[Collected data]
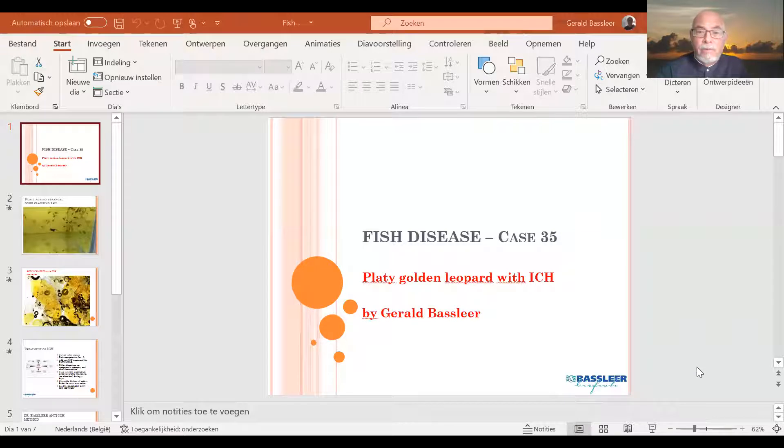Dear fish keeper, we have today our fish keys to fish diseases number 35. These are regular cases I encounter in my work as a flying fish doctor. It helps me to collect data and details for you that might help you learn to identify fish diseases. The goal is that you try to understand how to diagnose fish diseases and develop the best treatment. This case is about a platy.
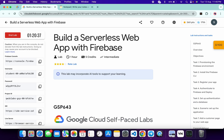Hello guys, welcome back to the channel. This lab was just recently updated and because of that it's not properly configured. If you try to complete this lab as per the lab instructions, it's very difficult to complete. That's the reason I made a short trick for you so that you can complete the lab on your first attempt.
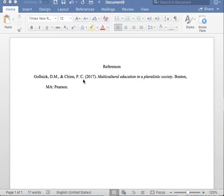Next, you must insert the year in which the book was published. Please note parentheses are around the year of publication.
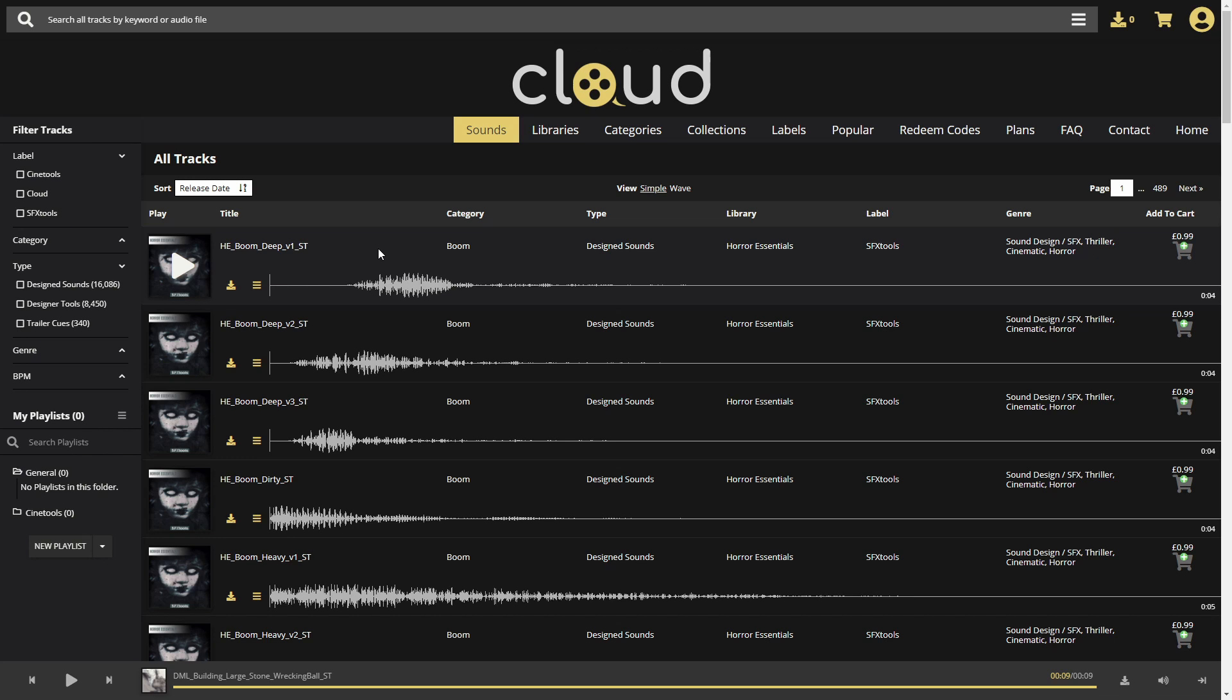Hi and welcome to Cloud. With Cloud, you can easily find the sound effects or cues you're looking for thanks to an advanced search system. Let's explore some of the content together.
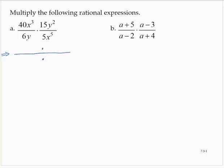Now 40x to the third — I'm going to write that in factored form. 40 is 2 times 2 times 2 times 5, and x to the third is x times x times x. Similarly, 15y to the second is 3 times 5 times y times y.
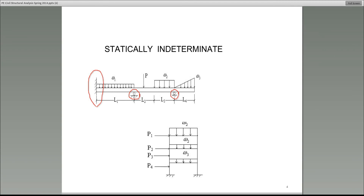Now, are there any internal hinges? I do not see any internal hinges. So how many equations of equilibrium do we have? Three — that's correct. So what we have here are five unknowns and three equations of equilibrium, which means this structure is indeterminate.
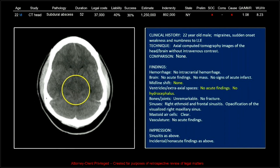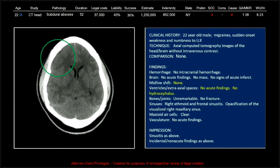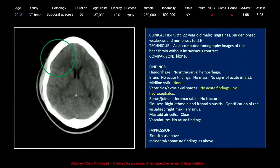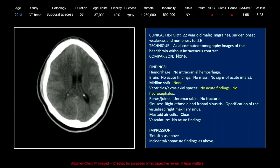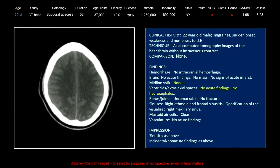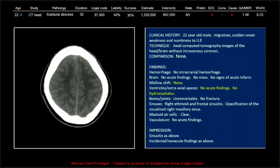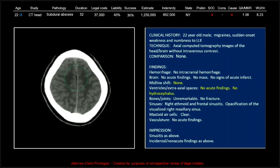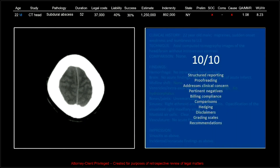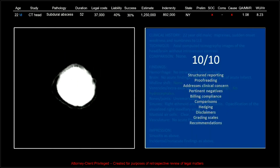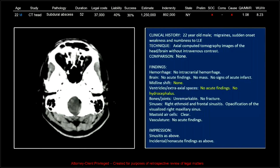Look at that brainstem. So this is definitely something that could have been called, and as you can see, no acute findings was the reading here, and it got a 10 out of 10 for being a good report.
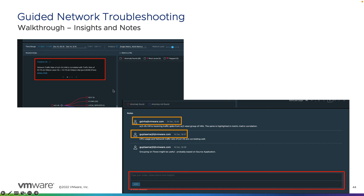At the bottom of each incident, you can log notes. Anyone with access to the vRealize Network Insight console can put in notes or insights on what they've looked at or what needs attention in a different department — for example, a cloud admin leaving notes for a network admin to look at a specific router. Notes can also record what resolved the ticket. Once done, you can close the incident, and that is how you do a guided network troubleshooting incident within vRealize Network Insight.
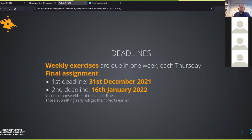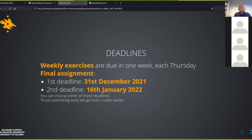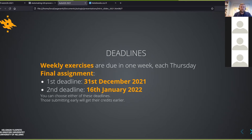For the final assignment there are two deadlines — it doesn't affect your grade which one you choose. If you submit for the first deadline, we will start grading earlier so you can get your credits sooner if needed. The final deadline is on the 16th of January.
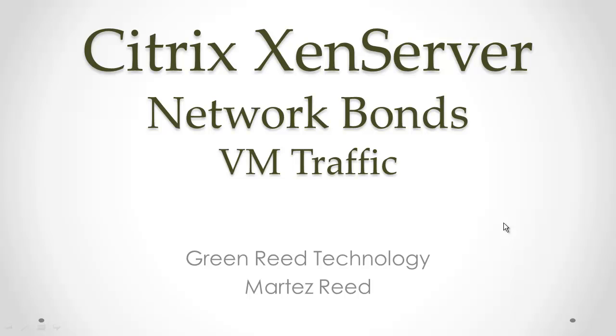Hello and welcome to another video from GreenReed Technology. In this video we're going to cover network bonds specifically for VM traffic.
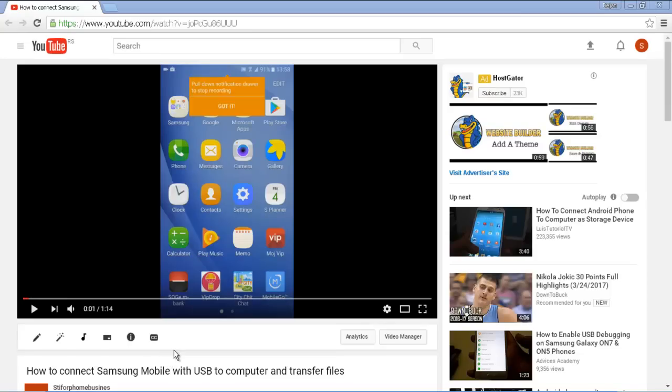Hello, in this video we are talking about how to connect a Samsung mobile phone with USB to a computer and to transfer files.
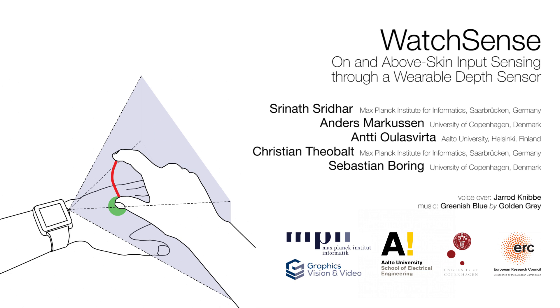We present WatchSense, a depth sensing solution for on and above skin input. Thank you for watching.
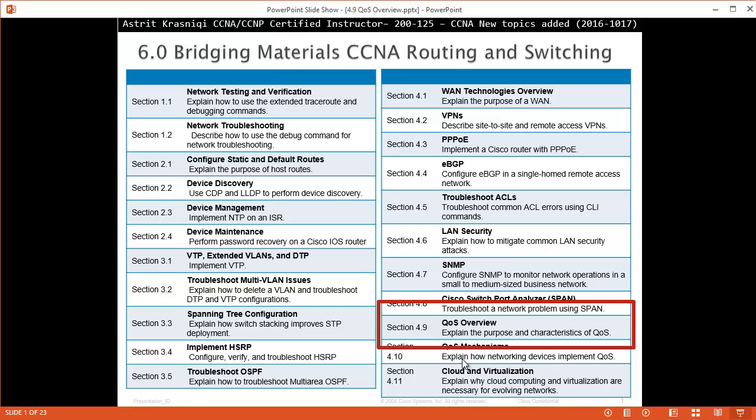In this video we are covering new topics added to the CCNA course 200-125, and this is section 4.9 Quality of Service.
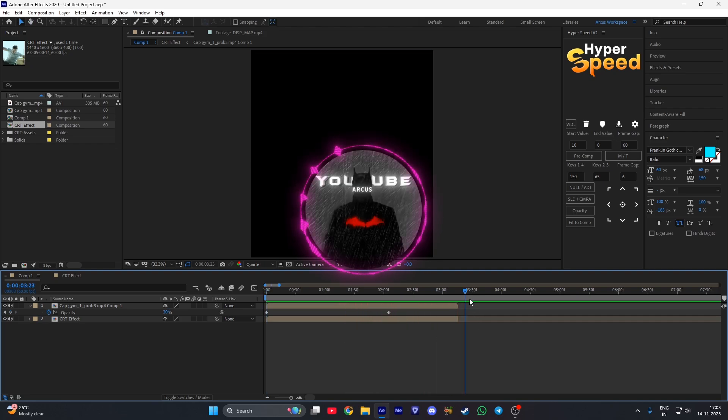So I hope you guys enjoyed this tutorial. See you guys in my next video. Till then, take care and bye.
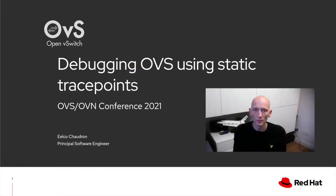Hi, and welcome to Debugging OBS Using Static Tracepoints. My name is Ilko Sheldon and I'll guide you through this presentation.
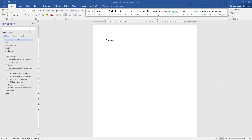The margins of the document are the white areas that frame every page, and the default settings in Microsoft Word are for this margin to be 1 inch, which is just over 2.5 cm.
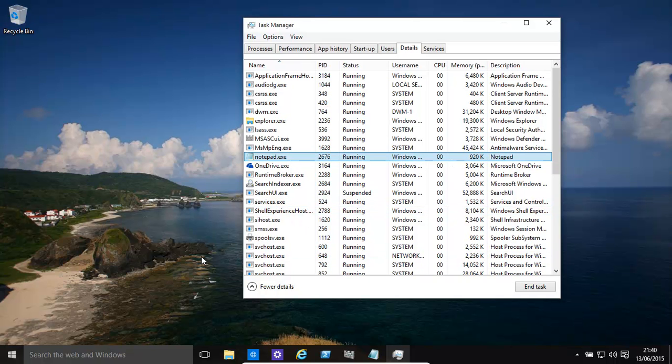For example, let's assume we have a program that we need to run at a slightly higher priority so it runs a little bit faster.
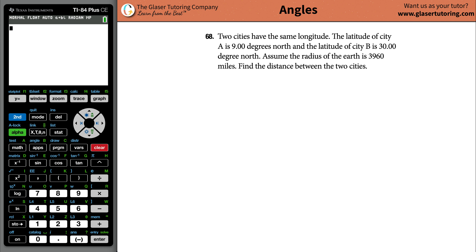Number 68. Two cities have the same longitude. The latitude of city A is 9 degrees north. The latitude of city B is 30 degrees north. Assume the radius of the earth is 3,960 miles. Find the distance between the two cities.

*Your assignment*: Begin at the first line of the entries above and return each line exactly, stopping after the line that contains "Look at that". Pictures do not belong in the copy.

*Solved exercise*:
Dear fish keeper, we have today our fish keys to fish diseases number 35. These are regular cases I encounter in my work as a flying fish doctor. It helps me to collect data and details for you that might help you learn to identify fish diseases. The goal is that you try to understand how to diagnose fish diseases and develop the best treatment. This case is about a platy.
Hello guys, welcome back to the channel. This lab was just recently updated and because of that it's not properly configured. If you try to complete this lab as per the lab instructions, it's very difficult to complete. That's the reason I made a short trick for you so that you can complete the lab on your first attempt.
Next, you must insert the year in which the book was published. Please note parentheses are around the year of publication.
Hi and welcome to Cloud. With Cloud, you can easily find the sound effects or cues you're looking for thanks to an advanced search system. Let's explore some of the content together.
Now 40x to the third — I'm going to write that in factored form. 40 is 2 times 2 times 2 times 5, and x to the third is x times x times x. Similarly, 15y to the second is 3 times 5 times y times y.
Now, are there any internal hinges? I do not see any internal hinges. So how many equations of equilibrium do we have? Three — that's correct. So what we have here are five unknowns and three equations of equilibrium, which means this structure is indeterminate.
Look at that brainstem. So this is definitely something that could have been called, and as you can see, no acute findings was the reading here, and it got a 10 out of 10 for being a good report.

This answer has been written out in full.